When Stoddard first took on the role, she was not a stranger to leadership positions; having been the Bellevue Model United Nations club president, Stoddard was used to taking a leading role in college activities. But upon entering office, it became more and more clear that being a student trustee was about much more than herself and her opinions. “I think the most important thing to understand about being a student trustee is that you aren’t leading anything. You are working with a team, and everything you do or say reflects back on the board,” she told The Watchdog.
As Stoddard continued her work, she got to meet the staff members of both Washington state senators and the staff of Congressman Smith. A leader by nature, Stoddard found it difficult to not advocate for her personal beliefs. “When I met with these officials who were connected to some of the most powerful people in the state, it was [hard to not] just blurt out questions regarding making college free for all, updating the federal minimum wage and things like that.” While Stoddard was visiting these individuals, she had to be there not as Hannah Stoddard, concerned citizen, but rather as Hannah Stoddard, the Bellevue College student trustee. There was this conflict of being a leader versus being a representative, both fighting for dominance of Stoddard’s behavior, all in the presence of powerful government officials. But as long as she was in their company as the student trustee, there was no room for “expressing a personal opinion.”
Often, institutions and student groups contacted Stoddard when they were lobbying the board for one thing or another, asking her for promises or pledges of support for their causes. “There was this one time where a student leader contacted me asking if I supported implementing an initiative for the board to implement. I had to take a step back and realize that while I personally approved of the initiative, it wasn’t my place to provide promises or comment on the initiative since I would be representing everyone else’s opinion.” In the battle of Stoddard, the student vs. Stoddard, the trustee, the trustee won; the trustee always had to win. The trustee was not just Stoddard but an institution that represented tens of thousands of students and staff, and it was almost a duty to remain impartial on issues publically.

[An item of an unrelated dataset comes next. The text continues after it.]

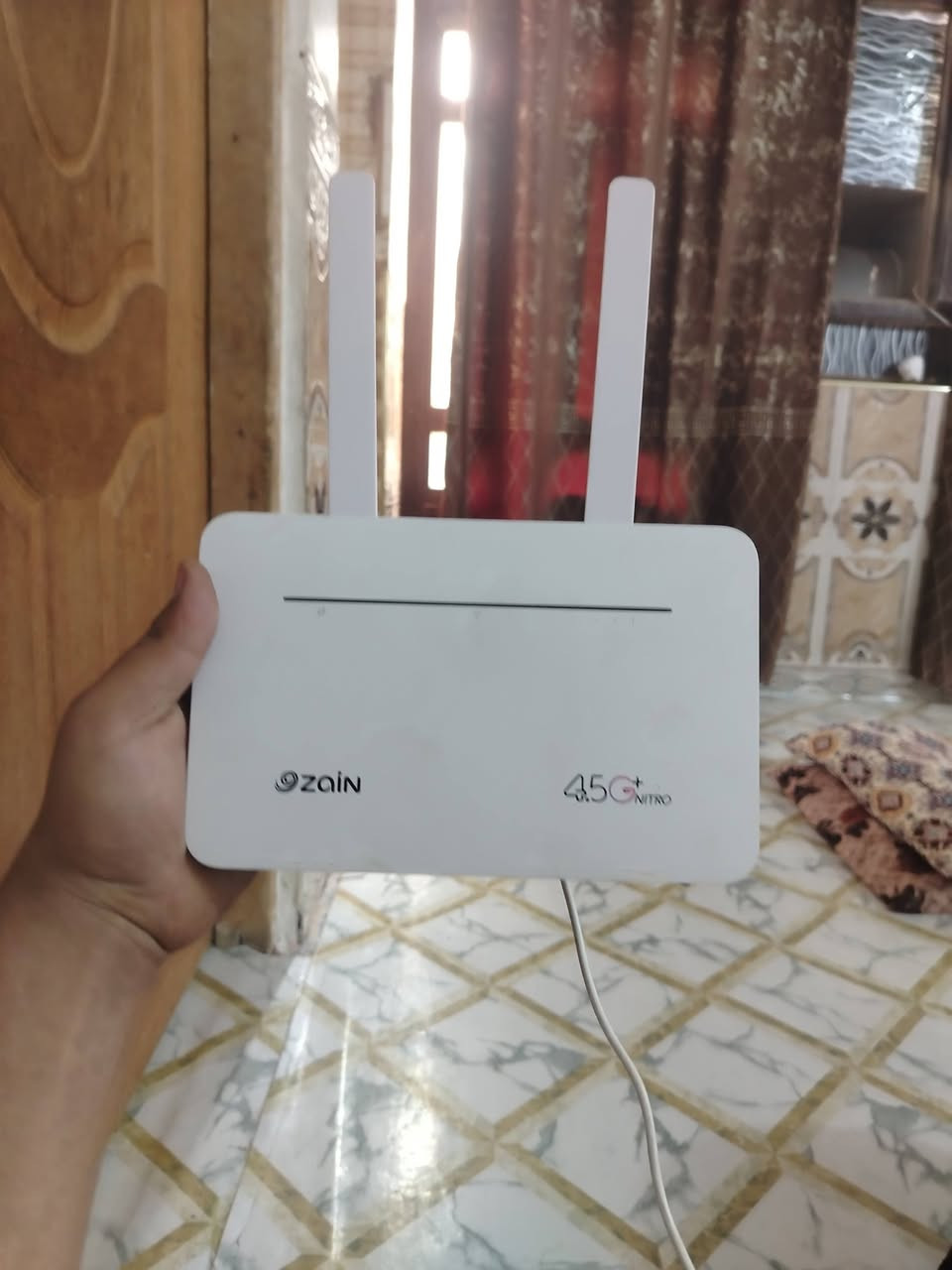 مكلف بنشر لبيع جديد بس شهر مستعمل نت ضوي 35سعر الف


**إذا كنت صاحب هذا الإعلان وتريد حذفه لأي سبب، رجاءا أرسل رسالة إلى الدعم الفني**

Stoddard, however, has come to understand the power in acting as part of an institution. “Slow and steady goes the ship is the best way to describe the board of trustees. When each of us acts and speaks in consensus with one another, our promises and commitments become just that more valuable.”
As Stoddard’s term comes to a close, she had this to say about her unique experience as the trustee: “It was very fun being on the board of trustees. After a while, it became almost second nature to act kind of like two different people. That’s not to say that I could not advocate for issues important to BC students such as strong internet access, etc. I just learned to be an advocate while working within the confines of the board.”